After several years of serious thought, I've pretty much ruled out the idea of getting my PhD. It's been a slow, difficult realization for me. Since about my junior year in college, I've always assumed that I would go to grad school for English. I, probably more than most, have been stubborn about that goal in the face of the mounting evidence against it.
Maybe it's because I've been out of school for a while and lost that wide eyed sense of romance, or maybe it's because I've just recently started to really research the reality of things, but I'm now more sure than ever that my future lies elsewhere. If you're interested, read
this article for one professor's forecast on the outlook for PhD students in the Humanities. Granted, it's only one person's opinion, but the job market backs him up. I've also discussed the issue with some very trusted former professors of mine and their message has been similar. Even the most optimistic are conceding that the job market is just plain bad and getting worse.
The major problem is that the decreasing opportunities in academia are not, like the current state of the economy, a temporary trend. Funding has been steadily waning at universities since the 70's and tenure track jobs are drying up. I'm just not willing to spend 5-6 years of my life getting a degree that may not even afford me a steady job upon its completion. Many universities are now leaning heavily on adjunct professors who are paid barely livable salaries without job security or benefits. And the job market is currently so abysmal that PhD students are competing fiercely for these pitiful positions just so that they'll have a job at all. Then, in the event that you do find a tenure track job, you don't have much choice but to go where the offer is, because chances are you may not get another one. 5-6 years is a lot of life to spend to struggle financially afterward, only to move to the middle of nowhere in Kansas because its the only stable job you can find.
Ironically, many PhDs are now moving into teaching
secondary school because the jobs are more plentiful and their degree is valued there, but they're obviously overqualified. A master's is really the terminal degree as far as earnings are concerned for secondary school teaching. Outside of my not wanting to deal with high school aged kids, my goals have always been more in line with secondary school. I display a talent for literary criticism, but I get no enjoyment out of actually writing it. It's reading and discussing literature that I enjoy, and I certainly don't want to enter a field where the stability of my job relies on my publishing criticism often. All I really want to do is teach without the pressure to publish. Then again, I also don't want to deal with kids and, even worse, their parents who think they can do no wrong. That's the catch 22.

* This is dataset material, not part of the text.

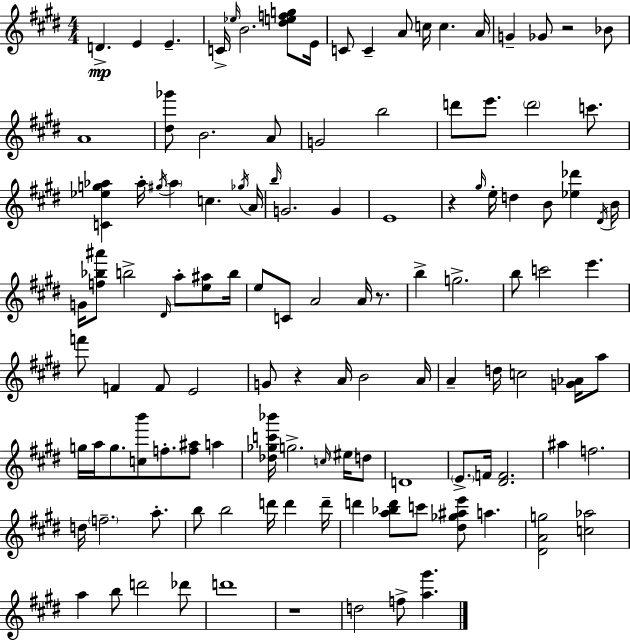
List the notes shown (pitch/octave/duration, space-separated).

D4/q. E4/q E4/q. C4/s Eb5/s B4/h. [D#5,E5,F5,G5]/e E4/s C4/e C4/q A4/e C5/s C5/q. A4/s G4/q Gb4/e R/h Bb4/e A4/w [D#5,Gb6]/e B4/h. A4/e G4/h B5/h D6/e E6/e. D6/h C6/e. [C4,Eb5,G5,Ab5]/q Ab5/s G#5/s Ab5/q C5/q. Gb5/s A4/s B5/s G4/h. G4/q E4/w R/q G#5/s E5/s D5/q B4/e [Eb5,Db6]/q D#4/s B4/s G4/s [F5,Bb5,A#6]/e B5/h D#4/s A5/e [E5,A#5]/e B5/s E5/e C4/e A4/h A4/s R/e. B5/q G5/h. B5/e C6/h E6/q. F6/e F4/q F4/e E4/h G4/e R/q A4/s B4/h A4/s A4/q D5/s C5/h [G4,Ab4]/s A5/e G5/s A5/s G5/e. [C5,B6]/e F5/e. [F5,A#5]/e A5/q [Db5,Gb5,C6,Bb6]/s G5/h. C5/s EIS5/s D5/e D4/w E4/e. F4/s [D#4,F4]/h. A#5/q F5/h. D5/s F5/h. A5/e. B5/e B5/h D6/s D6/q D6/s D6/q [A5,Bb5,D6]/e C6/e [D#5,Gb5,A#5,E6]/e A5/q. [D#4,A4,G5]/h [C5,Ab5]/h A5/q B5/e D6/h Db6/e D6/w R/w D5/h F5/e [A5,G#6]/q.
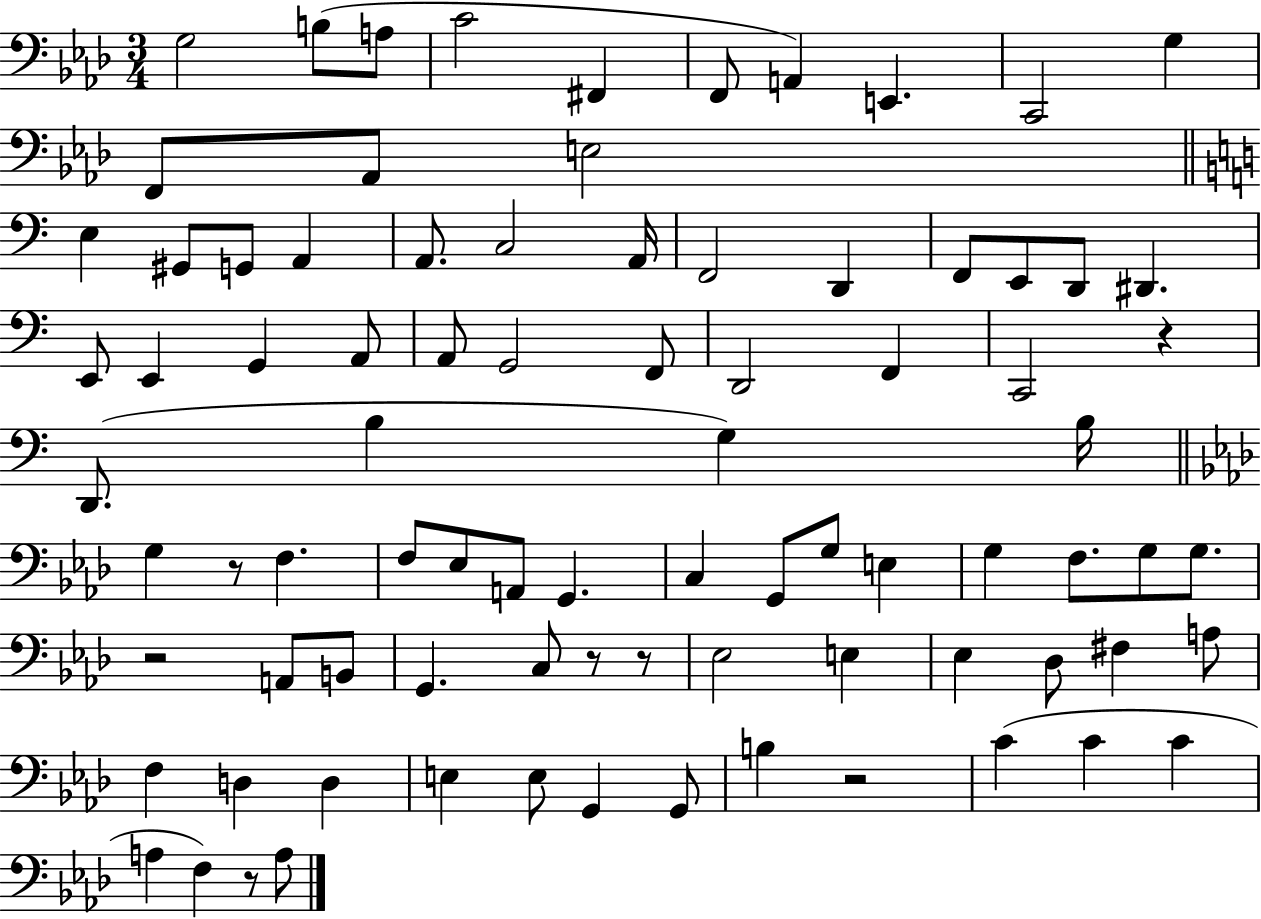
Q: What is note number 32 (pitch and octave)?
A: G2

So, for now I'm still studying to take the GRE, but I'm reassessing my goals. I'm leaning toward a more professional degree that will utilize what I've learned and am good at, but which actually promises a career once I'm finished--one where I can have some choice in where I live. Right now it's between getting a M.Ed, an M.A. in English with a teaching certification and teaching English in secondary school, or going for my MLS (or MIS depending on the school)--archiving, in particular, really interests me. Molly and I always talk about the idea that our generation has been taught throughout our childhood that if we go to college, we can be anything that we want to be, that we'll find the perfect job, that our work won't be like work at all and that we'll all be happy. The reality is that for the majority of people that's just not the case, and it never will be. I think the humanities are the worst at perpetrating this kind of mentality. Because for many liberal arts students, if you have no direction in the real world, but you get good grades and are good at what you do in school, there is always the refuge of more schooling. Grad school is almost the default mode for someone who hasn't been prepared for any one particular career path. Don't get me wrong, liberal arts majors have the skills to excel at a variety of careers (English majors, for instance, are often better in marketing than marketing majors), but people who have been taught entirely to think, learn, and study naturally want to continue to think, learn, and study.
Lest you think that I've become too cynical, let me state that I'm not now, nor will I ever be one of those people who say "a liberal arts degree? what are you going to do with that?" I think that your undergrad degree (unless its in something specific like engineering) matters little toward what career you'll end up in, so study what you love. Just be sure to realize that when all the school ends, the real world is waiting, and no one wants to pay you to read poetry.
That's about it for my quarter life crisis. I think I'll go to sleep now. Goodnight world. Goodnight bat cave. Goodnight mechanical dinosaur. Goodnight giant penny.